Der Apostel entspricht dieser Liebe der Philipper zu Epaphroditus, der sie unterwiesen und in dem Herrn für sie gearbeitet hat (der Heilige Geist bringt auch das hier in Erinnerung), und sendet Epaphroditus zurück, indem er dieses Gefühl in den Herzen der Philipper zu beleben und zu stärken sucht. Er selbst nimmt daran teil und bringt Gottes eigene zärtliche Liebe hinein. Paulus würde Traurigkeit auf Traurigkeit gehabt haben (und er hatte schon viele), wenn die Philipper ihren geliebten Arbeiter und Boten verloren hätten durch die Dienste, die dieser ihnen erwiesen hatte; aber Gott hatte sich über Epaphroditus und über den Apostel selbst erbarmt. Jedoch wollte der Apostel, dass die Philipper völlig davon versichert werden sollten durch die erneute Gegenwart des Epaphroditus unter ihnen, und so würde sein Herz, befreit von aller Besorgnis, auch erleichtert werden. Welch ein Bild gegenseitiger Liebe und herzlicher Teilnahme!

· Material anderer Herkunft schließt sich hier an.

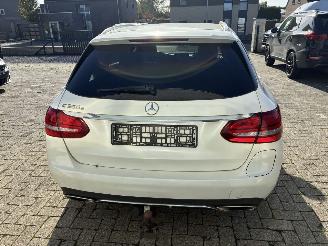 Mercedes C-klasse MERCEDES C350e AMG 2016 picture 16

Beachten wir auch die Weise, wie Gott in Rücksicht auf den Apostel hieran teilnimmt. Was uns hier dargestellt wird, sind seine Erbarmungen, nicht die Ratschlüsse seiner Liebe, sondern Erbarmungen, die Gottes würdig sind, und Zuneigungen, denen Er unter den Menschen seine Anerkennung gibt. Man fürchtet zuweilen solche Zuneigungen zu den Arbeitern und den Wert, den man ihnen beilegt, und das umso mehr, weil die Versammlung in der Tat sich von einer falschen Abhängigkeit von Menschen losreißen muss. Aber hier entfaltet der Geist Gottes, weil durch die Abwesenheit des Apostels die sonst durch ihn offenbarte Kraft und das äußerlich organisierte Band gänzlich mangelte, die Tätigkeit dieser inneren Gefühle und Bande zur Unterweisung der Versammlung; und zugleich erkennt Er alles an, was von dem zerstörten ursprünglichen Verhältnis und den äußeren Banden noch vorhanden war. Er schafft diese nicht von neuem, sondern Er erkennt das an, was noch davon bestand. Nur in dem ersten Vers dieses Briefes spricht der Heilige Geist von diesen äußeren Banden – mehr war nicht nötig; aber die inneren Bande bespricht er ausführlich, nicht als Lehre, sondern als eine Tatsache. Gott selbst, der Apostel, sein treuer Timotheus, der wertgeschätzte Diener der Philipper (der ihnen so teuer war) und der Mitarbeiter des Paulus, des Knechtes des Herrn, die Philipper selbst – alle bilden ein Glied in dieser kostbaren und schönen Kette der Liebe. Die Lieblichkeit des christlichen Lebens wird so in jedem Teil dieses Kapitels entfaltet: die Zartheit, womit der Apostel seinen Tadel wegen des Geistes der Uneinigkeit ausspricht; die Sendung des Timotheus, sobald er den Philippern mitteilen kann, wie es um ihn steht, während er den Epaphroditus sofort zu ihnen zurücksendet, weil sie gehört hatten, dass er krank gewesen sei. Diese Güte und Rücksicht gegen andere steht, man beachte es, mit einem Christus in Verbindung, der sich erniedrigte. Ein demütiger Christus, der von der Gestalt Gottes bis zum Tode hinab stieg, ist die Quelle der demütigen Güte; ein erhöhter Christus, zu dem man in der Herrlichkeit aufschaut, ist die Quelle einer Kraft, die alles für Verlust und Dreck achtet, um Ihn zu gewinnen.

Fußnoten

  • 1 Beachten wir auch, dass uns Christus hier nicht als unser Vorbild dargestellt wird, in dem, was Er infolge seiner Unterwerfung unter den Willen Gottes in der von Ihm eingenommenen Stellung litt. Wir sind berufen, Ihm nachzufolgen in seiner freiwilligen Erniedrigung, in der Tatsache, dass Er in Liebe den letzten, den niedrigsten Platz einnahm. Die Liebe dient, die Liebe erniedrigt sich selbst, nimmt gern den geringsten Platz ein (den geringsten für den Hochmut des Menschen), um zu dienen, und findet Wohlgefallen daran. Christus handelte aus Liebe; Er wollte dienen. Christus erwählte den untersten Platz, Er, der imstande war, Sich selbst zu erniedrigen. Und wir?